Basically, we now know the explicit expression for every CF entry and all of its positions in the list, except for entries $1$ and $2$.
It's enough now to consider the positions of $2$, then we just fill the rest of the list with $1$. The positions of $2$ start like this:
[4, 12, 17, 22, 24, 29, 37, 42, 44, 52, 57, 59, 64, 69, 77, 82, 84, 92, 97, 102, 104, 109, 117, 119, 124, 132, 137, 139, 144, 149, 157, 162, 164, 172, 177, 182, 184, 189, 197, 202, 204, 212, 217, 219, 224, 229, 237, 239, 244, 252, 257, 262, 264, 269, 277, 279, 284, 292, 297, 299, 304, 309, 317, 322, 324, 332, 337, 342, 344, 349, 357, 362, 364, 372, 377, 379, 384, 389, 397, 402, 404, 412, 417, 422, 424, 429, 437, 439, 444, 452, 457, 459, 464, 469, 477, 479, 484, 492, 497, 502, 504, 509, 517, 522, 524, 532, 537, 539, 544, 549, 557, 559, 564, 572, 577, 582, 584, 589, 597,...]
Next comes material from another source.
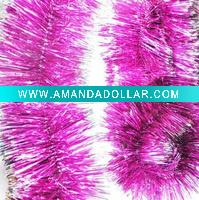 Wholesale craft gift item plastic Christmas PET tinsel, hair tinsels, tinsel trading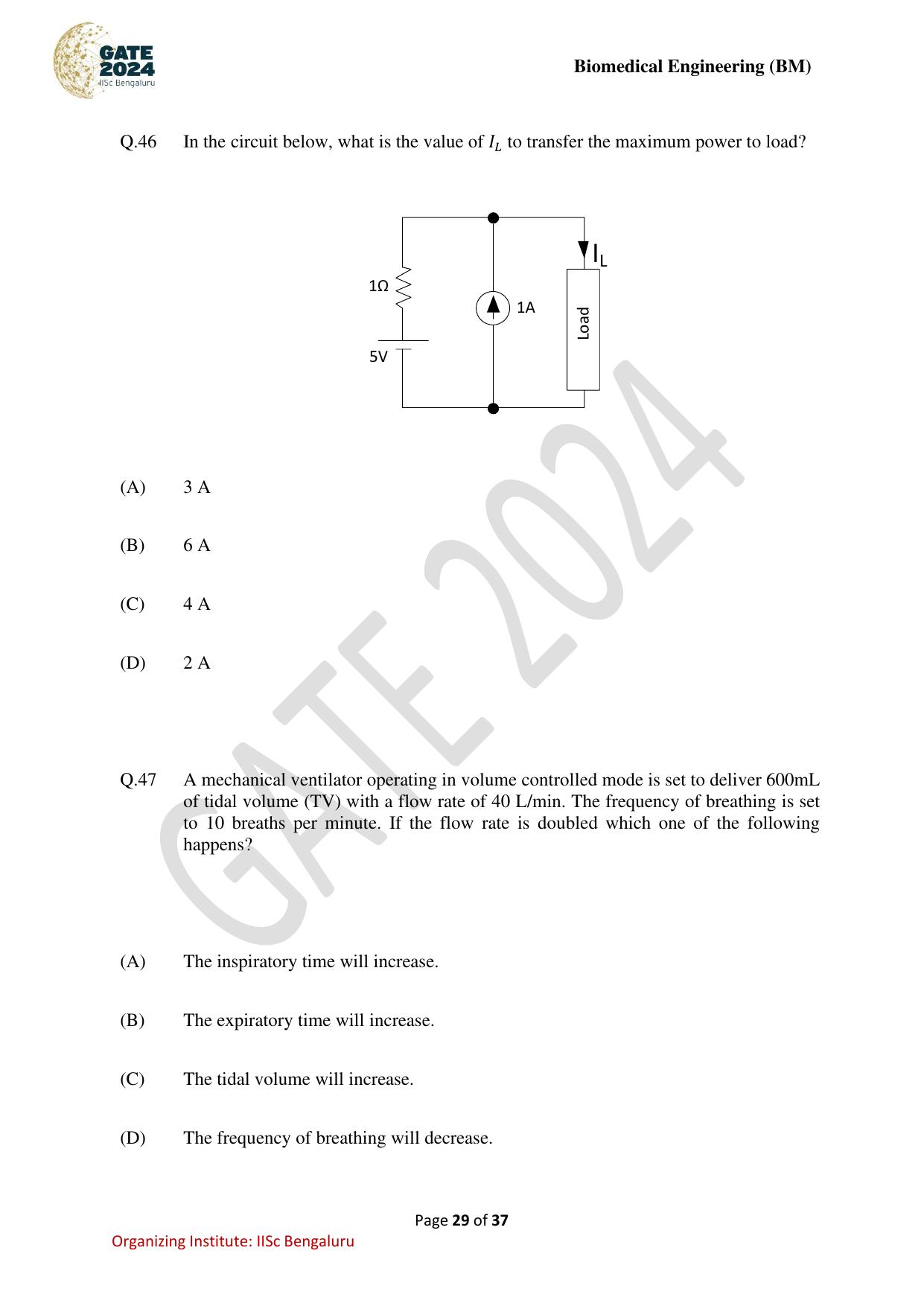 GATE 2024 Biomedical Engineering (BM) Question Paper - Page 29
So far I have found four uninterrupted patterns for $2$:
$$p_{1k}(2)=4+20k,\qquad k=0,1,2,\dots$$
$$p_{2k}(2)=17+20k,\qquad k=0,1,2,\dots$$
$$p_{3k}(2)=29+40k,\qquad k=0,1,2,\dots$$
$$p_{4k}(2)=12+40k,\qquad k=0,1,2,\dots$$
Edit
Discounting these four progressions the rest of the sequence is very close to $20k$, but some numbers are $20k+2$, while some $20k-1$ with no apparent pattern:
[22,42,59,82,102,119,139,162,182,202,219,239,262,279,299,322,342,362,379,402,422,439,459,479,502,522,539,559,582,599,619,642,662,682,699,722,742,759,779,802,822,842,859,879,902,919,939,959,982,1002,1019,1042,1062,1079,1099,1119,1142,1162,1179,1199,1222,1239,1259,1282,1302,1322,1339,1362,1382,1399,1419,1442,1462,1482,1499,1519,1542,1559,1579,1602,1622,1642,1659,1682,1702,1719,1739,1759,1782,1802,1819,1839,1862,1879,1899,1919,1942,1962,1979,2002,2022,2039,2059,2082,2102,2122,2139,2159,2182,2199,2219,2239,2262,2282,2299,2322,2342,2359,2379,2399,2422,2442,2459,2479,2502,2519,2539,2562,2582,2602,2619,2642,2662,2679,2699,2722,2742,2762,2779,2799,2822,2839,2859,2882,2902,2922,2939,2962,2982,2999,3019,3039,3062,3082,3099,3119,3142,3159,3179,3202,3222,3242,3259,3282,3302,3319,3339,3362,3382,3402,3419,3439,3462,3479,3499,3519,3542,3562,3579,3602,3622,3639,3659,3679,3702,3722,3739,3759,3782,3799,3819,3839,3862,3882,3899,3922,3942,3959,3979,4002,4022,4042,4059,4079,4102,4119,4139,4162,4182,4202,4219,4242,4262,4279,4299,4319,4342,4362,4379,4399,4422,4439,4459,4479,4502,4522,4539,4562,4582,4599,4619,4642,4662,4682,4699,4719,4742,4759,4779,4799,4822,4842,4859,4882,4902,4919,4939,4959,4982,5002,...]
The $10~000$ terms of the continued fraction are uploaded at github here. You can check my conjectures or try to obtain the full pattern.
I would also like some hints and outlines for a proof of the above conjectures.
I understand that it's quite likely that any of the patterns I found break down for some large $k$.